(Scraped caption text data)
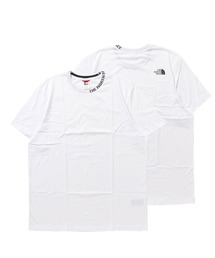 【 海外流通モデル 】 THE NORTH FACE / ノースフェイス ZUMU TEE 半袖 Tシャツ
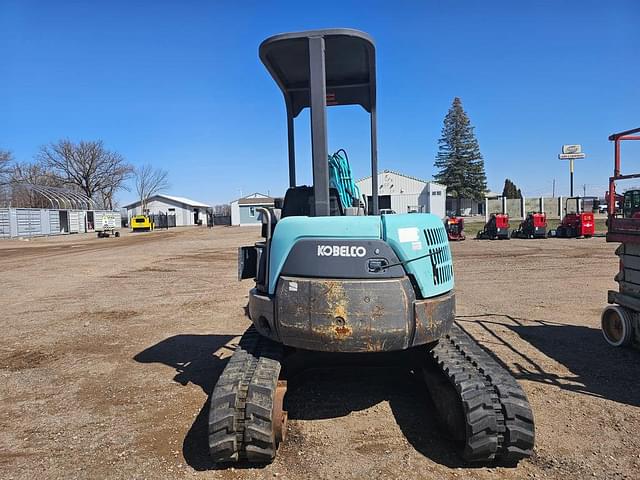 Image of Kobelco 135SR equipment image 3
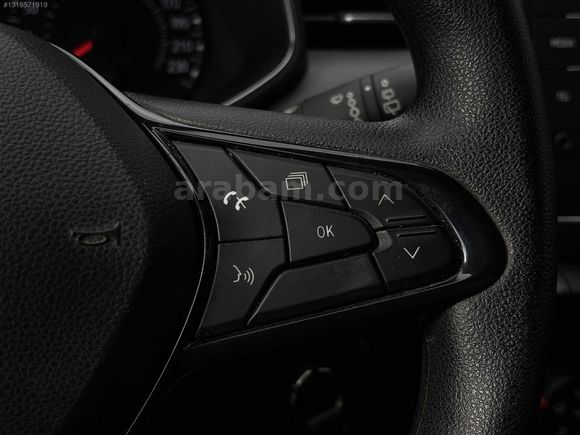 HATASIZ 2020 RENAULT CLİO 1.0SCE JOY 77.000KM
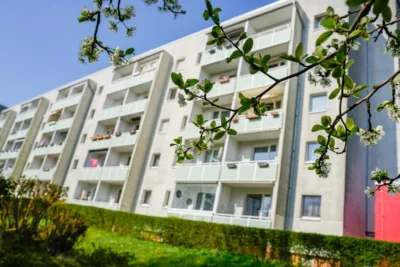 Top 2-Raumwohnung für Paare mit ruhigem Innenhof · frei ab 16.12.2026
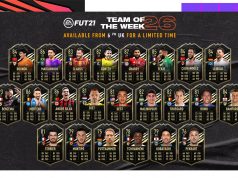 FIFA 2021 TOTW 26 Oyuncuları Açıklandı! FIFA 2021 TOTW 26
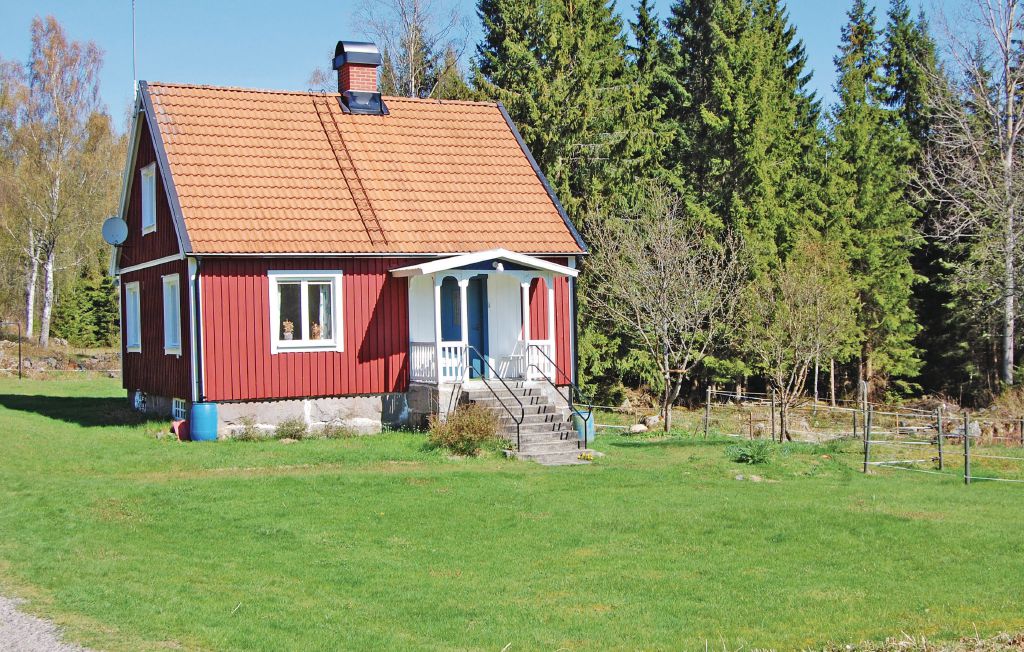 Ferienhaus - Tosthult/Lönsboda , Schweden - S01482 1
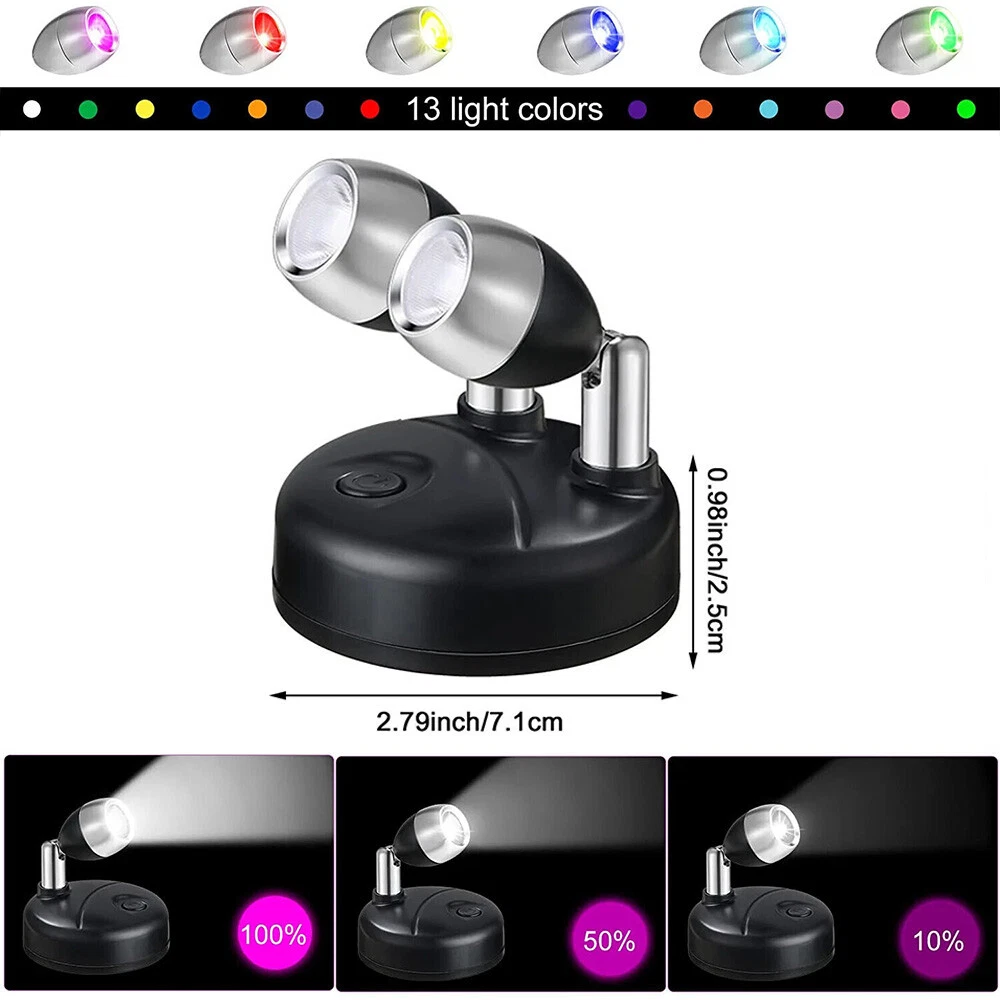 Puck spotlight sale
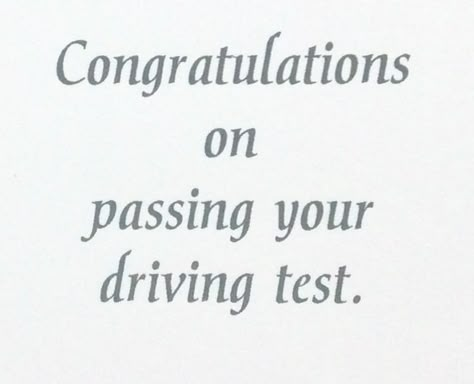 Passing Your Driving Test, Driving Test Card, Vision Board Success, Manifesting Vision Board, Vision Board Images, Vision Board Photos, Vision Board Pictures, Dream Vision Board, Life Vision Board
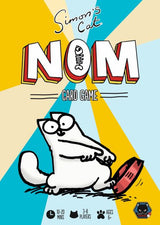 NOM: Simon's Cat Card Game
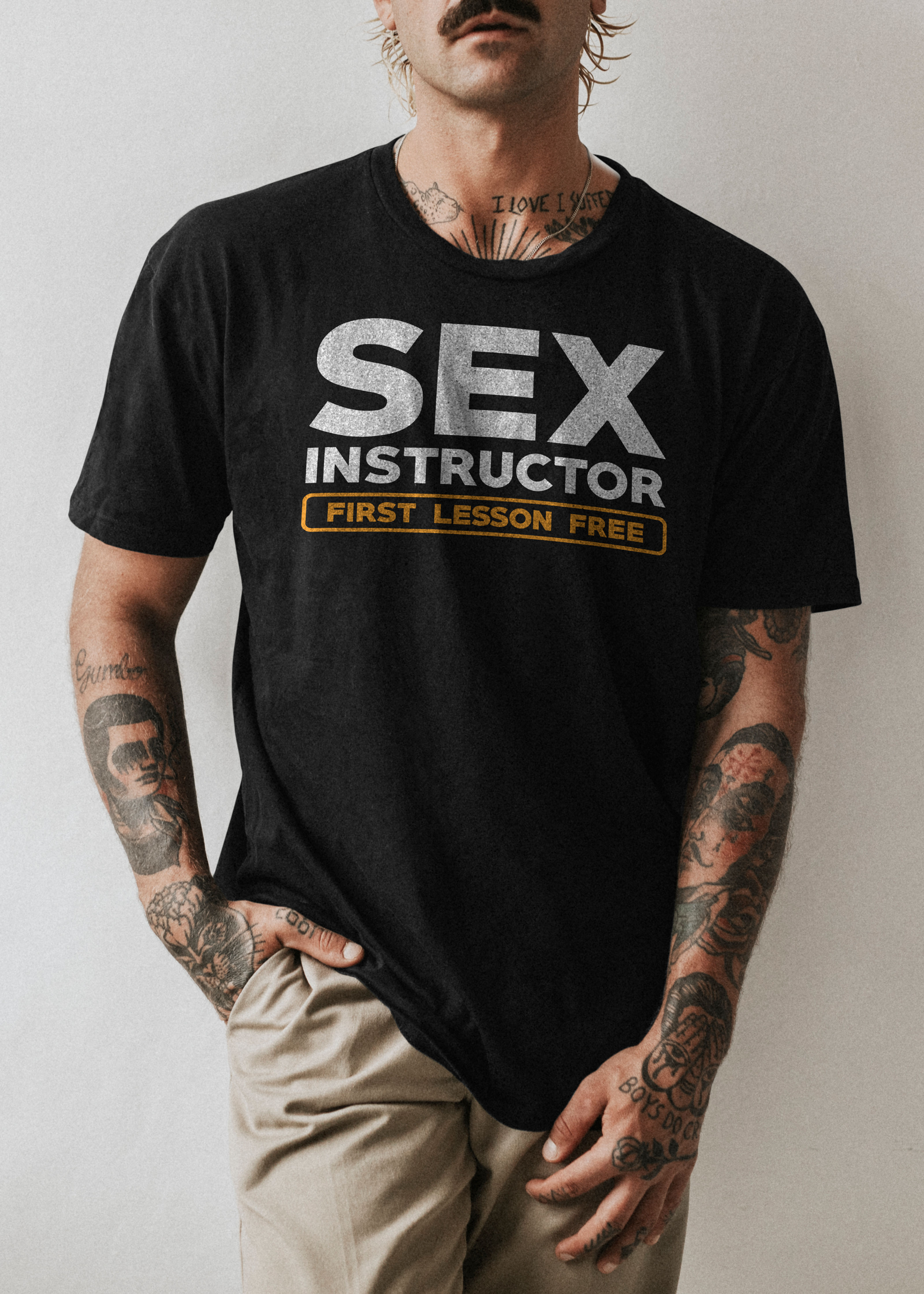 Sex Instructor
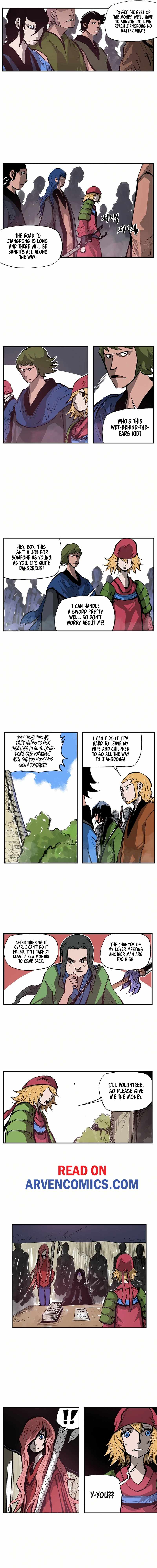 Musin Chapter 67 page 9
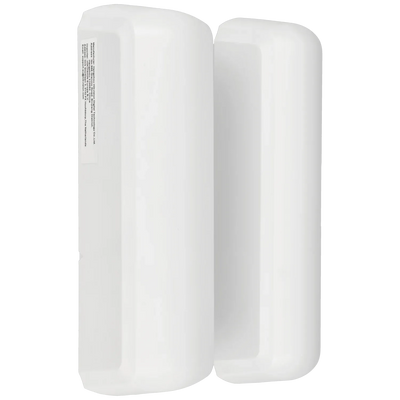 FENIVA | Hikvision - Rivelatore magnetico - Distanza di rilevamento: 76 mm, Colore: Bianco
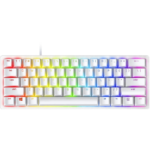 Clavier Gamer Razer Huntsman Mini - Mercury Ed (Red Switch) USB - AZERTY (RZ03-03393600-R3F1)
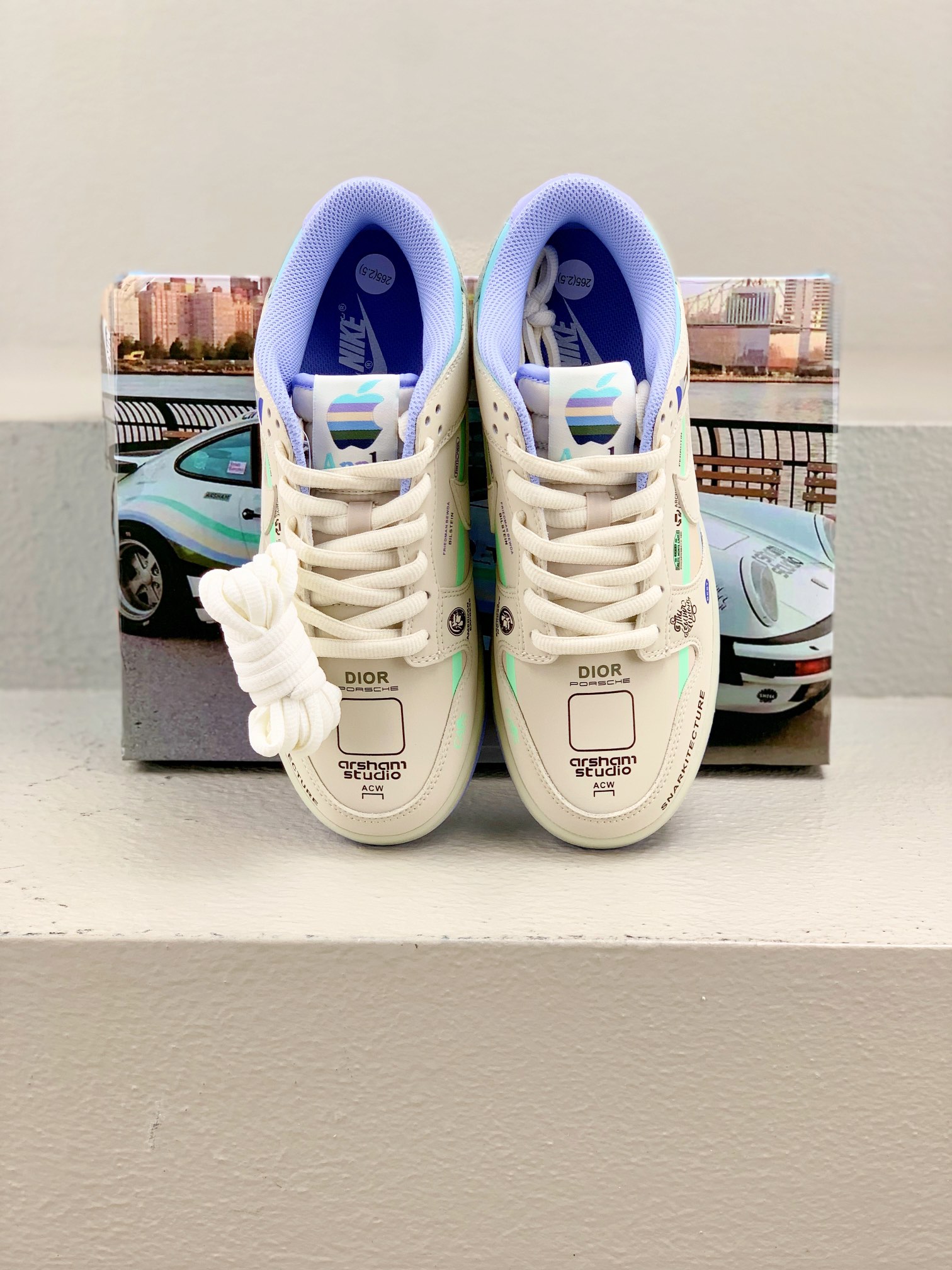 Nike Male Board Shoes M-l-s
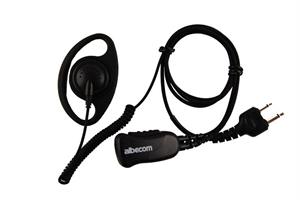 Miniheadset LGR59-S – yttre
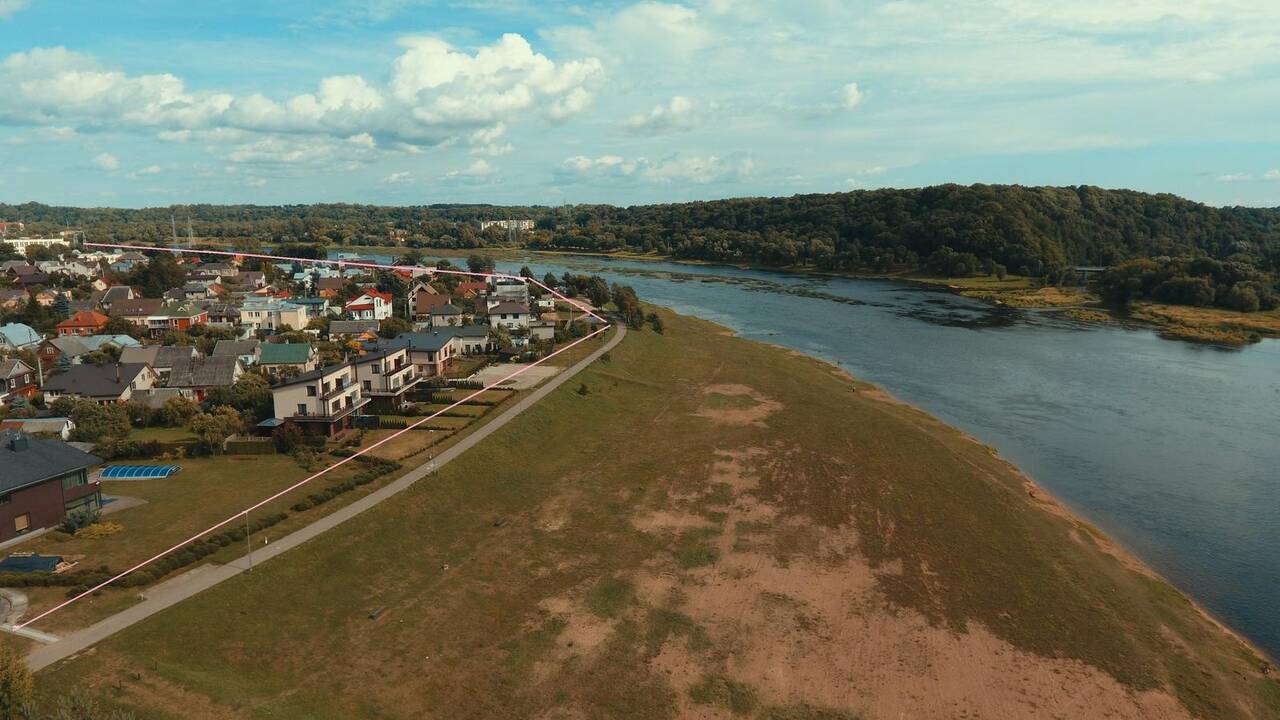 Šančiuose planuojama tiesti naują gatvę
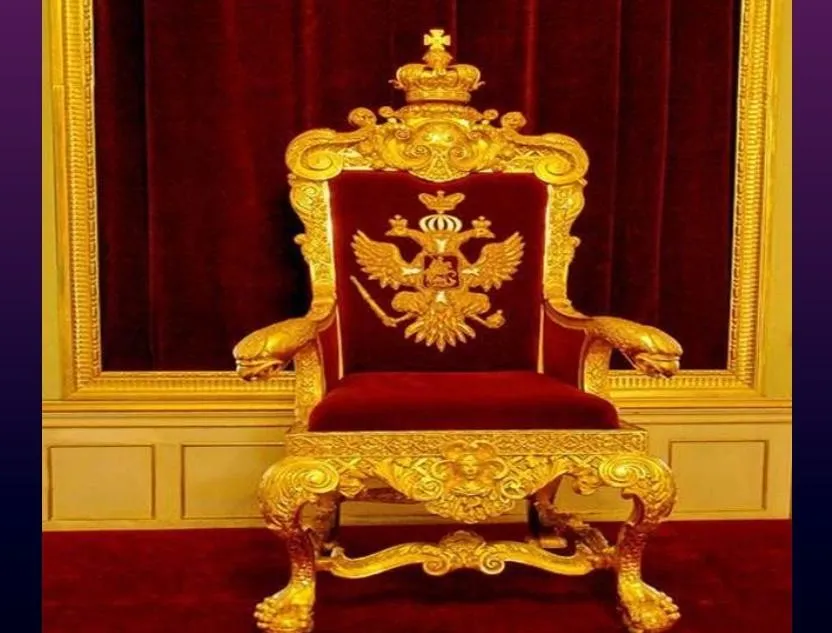 Трон Императора. 4 точки опоры для выбора дома по ЦМДЦ (Татьяна Гарт)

EXERCISE BRIEF:
The reply must contain every entry above, exactly as written, and none of the pictures.

WRITTEN RESPONSE:
 【 海外流通モデル 】 THE NORTH FACE / ノースフェイス ZUMU TEE 半袖 Tシャツ
 Image of Kobelco 135SR equipment image 3
 HATASIZ 2020 RENAULT CLİO 1.0SCE JOY 77.000KM
 Top 2-Raumwohnung für Paare mit ruhigem Innenhof · frei ab 16.12.2026
 FIFA 2021 TOTW 26 Oyuncuları Açıklandı! FIFA 2021 TOTW 26
 Ferienhaus - Tosthult/Lönsboda , Schweden - S01482 1
 Puck spotlight sale
 Passing Your Driving Test, Driving Test Card, Vision Board Success, Manifesting Vision Board, Vision Board Images, Vision Board Photos, Vision Board Pictures, Dream Vision Board, Life Vision Board
 NOM: Simon's Cat Card Game
 Sex Instructor
 Musin Chapter 67 page 9
 FENIVA | Hikvision - Rivelatore magnetico - Distanza di rilevamento: 76 mm, Colore: Bianco
 Clavier Gamer Razer Huntsman Mini - Mercury Ed (Red Switch) USB - AZERTY (RZ03-03393600-R3F1)
 Nike Male Board Shoes M-l-s
 Miniheadset LGR59-S – yttre
 Šančiuose planuojama tiesti naują gatvę
 Трон Императора. 4 точки опоры для выбора дома по ЦМДЦ (Татьяна Гарт)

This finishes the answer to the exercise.